Task description:
Your answer must be an exact copy of the data, without any pictures.

Available data:
■ ■ ■

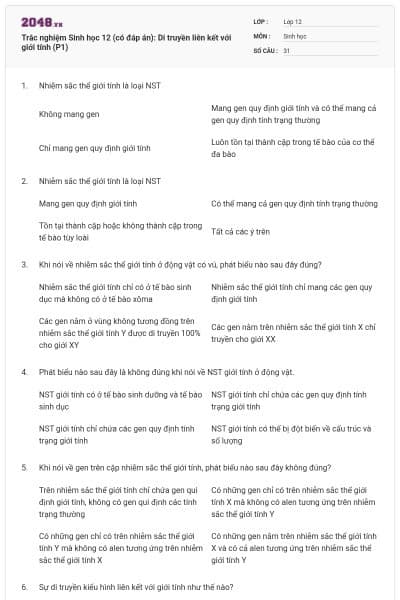 Trắc nghiệm Sinh học 12 (có đáp án): Di truyền liên kết với giới tính (P1)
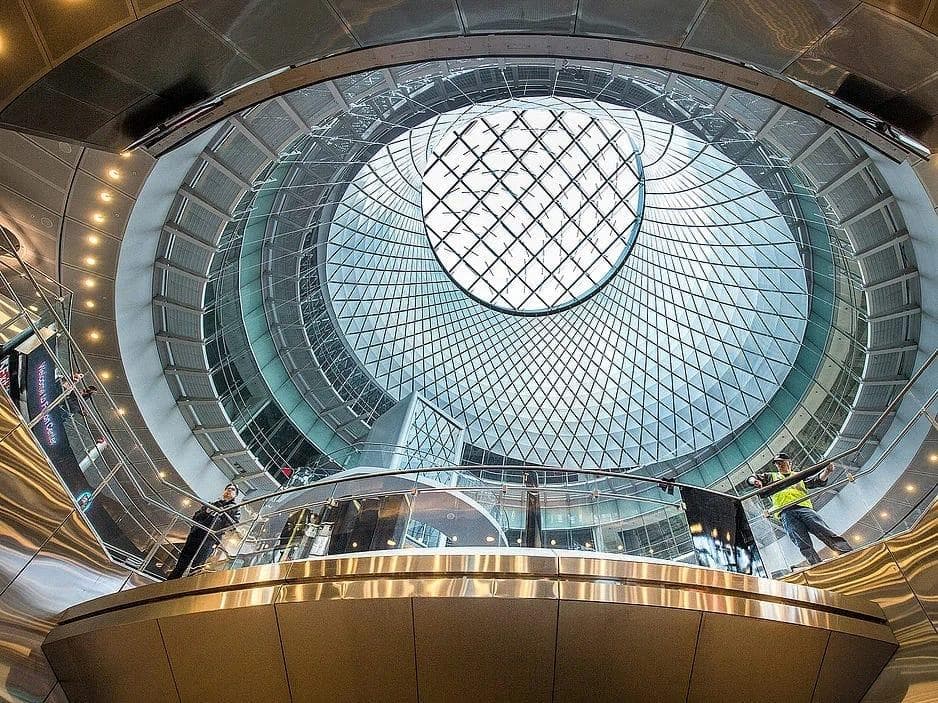 Interior view of Fulton Center atrium with durlum Sky Reflector Net ceiling system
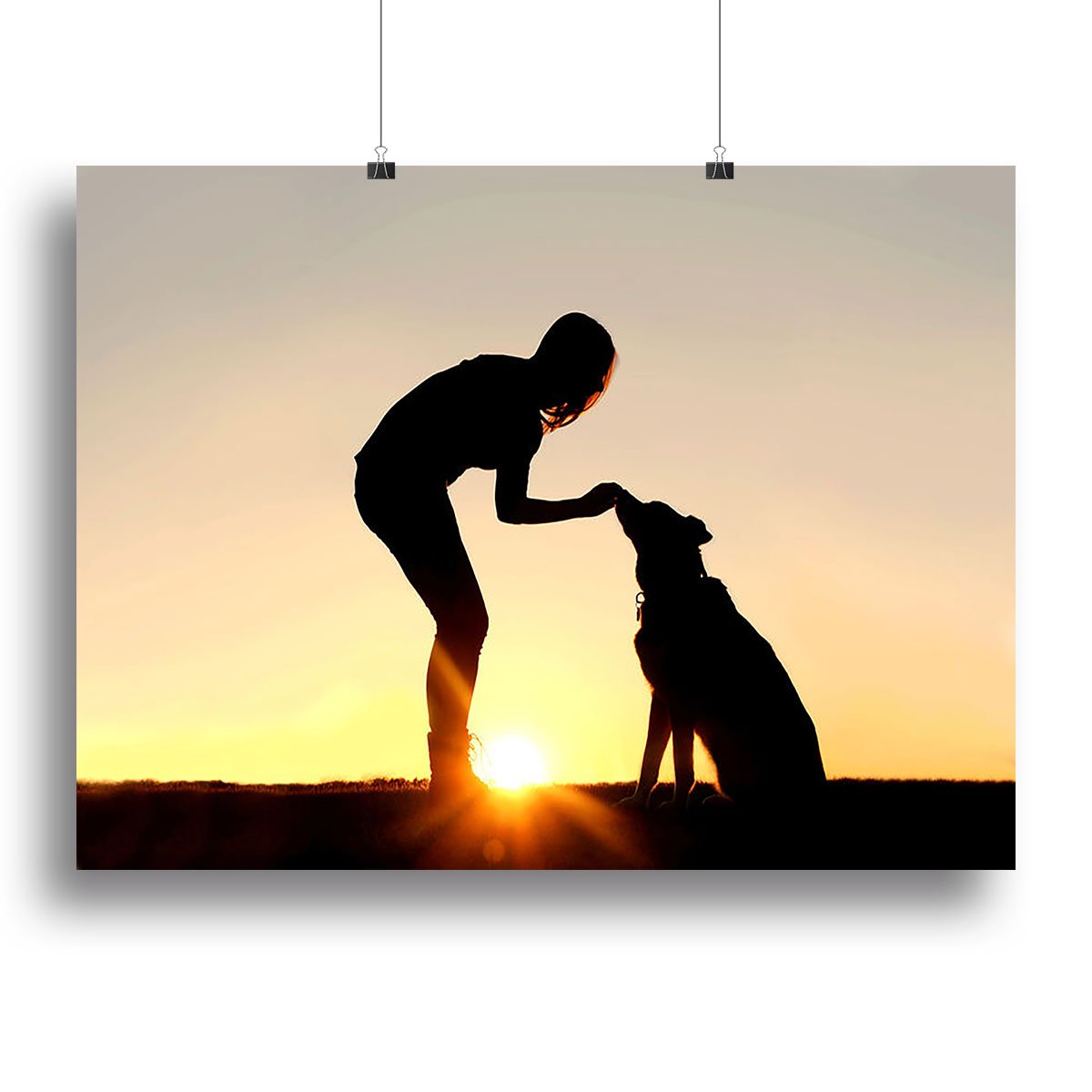 A silhouette of a girl sitting outside in the grass with her pet German Shepherd Mix Dog feeding him treats during training in front of a sunsetting sky. Canvas Print or Poster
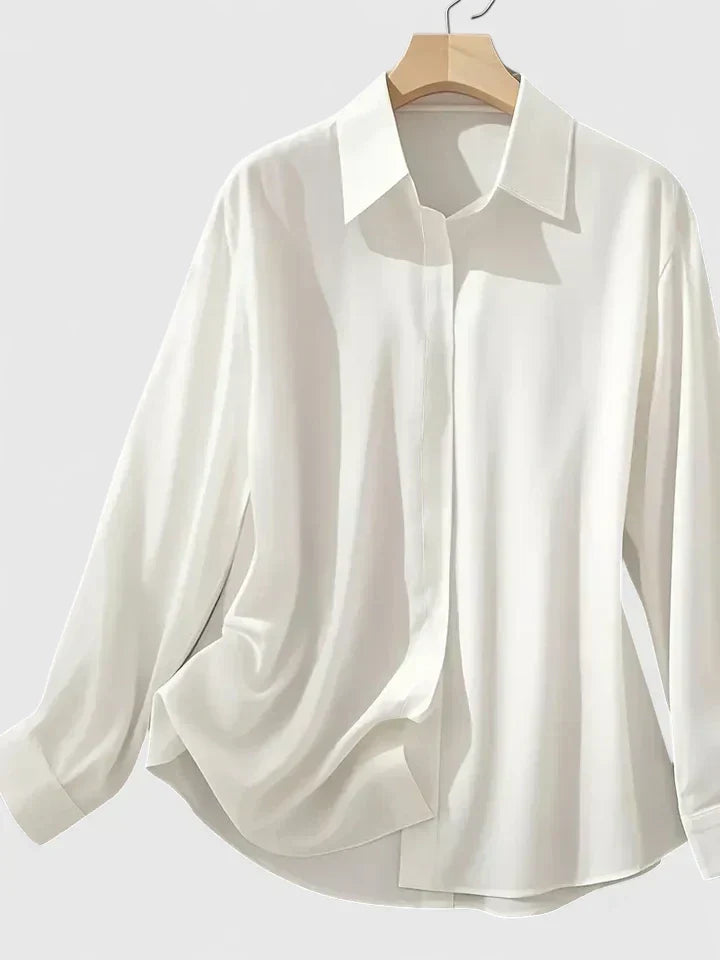Women's Oversized Button-Down Shirt Relaxed Fit Long Sleeve Casual Everyday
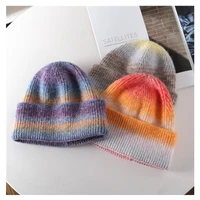 trendy men and women hot selling autumn winter rolled knitted hats casual fashion warm ear protection beanie women woolen hat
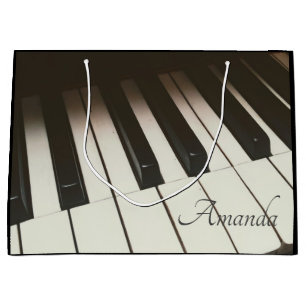 Bolsa De Regalo Grande Claves de piano - Elegante fotografía en blanco y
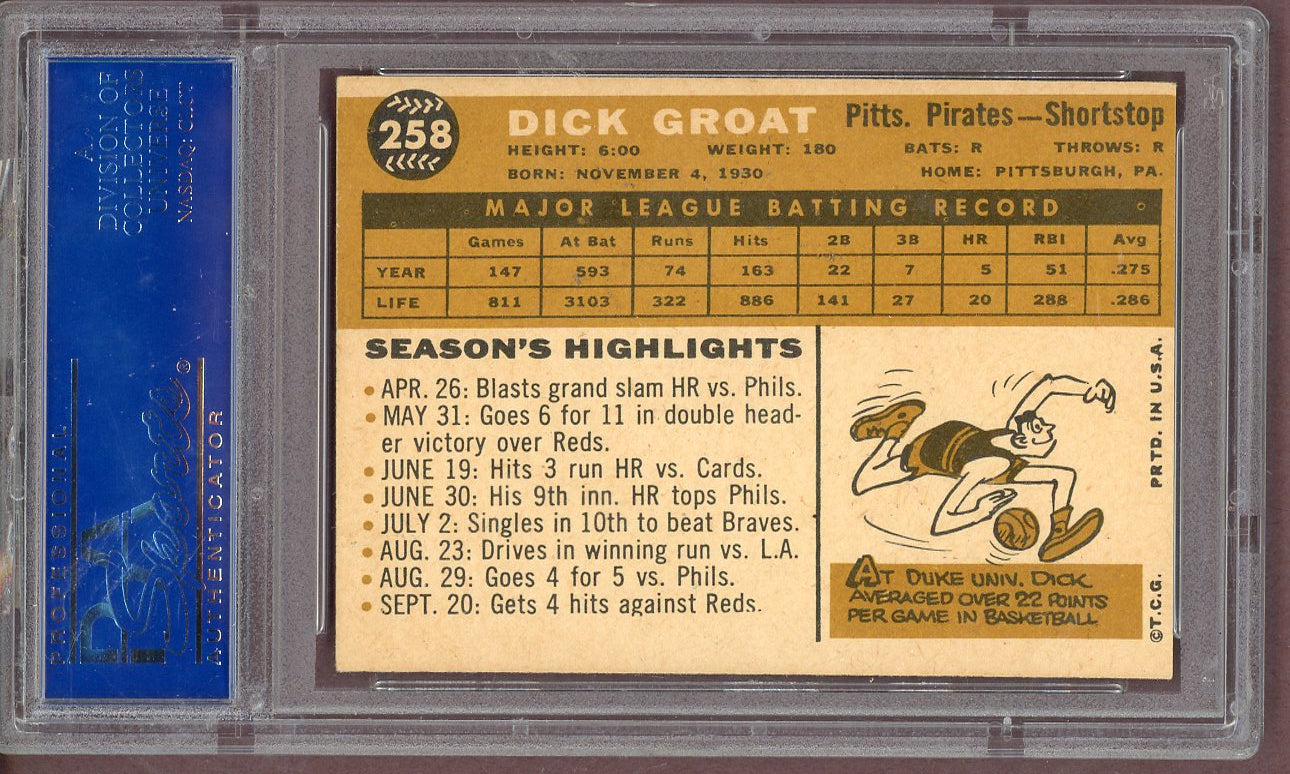 1960 Topps Baseball #258 Dick Groat Pirates PSA 6 EX-MT 561149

■ ■ ■

Result below:
 Trắc nghiệm Sinh học 12 (có đáp án): Di truyền liên kết với giới tính (P1)
 Interior view of Fulton Center atrium with durlum Sky Reflector Net ceiling system
 A silhouette of a girl sitting outside in the grass with her pet German Shepherd Mix Dog feeding him treats during training in front of a sunsetting sky. Canvas Print or Poster
Women's Oversized Button-Down Shirt Relaxed Fit Long Sleeve Casual Everyday
 trendy men and women hot selling autumn winter rolled knitted hats casual fashion warm ear protection beanie women woolen hat
 Bolsa De Regalo Grande Claves de piano - Elegante fotografía en blanco y
 1960 Topps Baseball #258 Dick Groat Pirates PSA 6 EX-MT 561149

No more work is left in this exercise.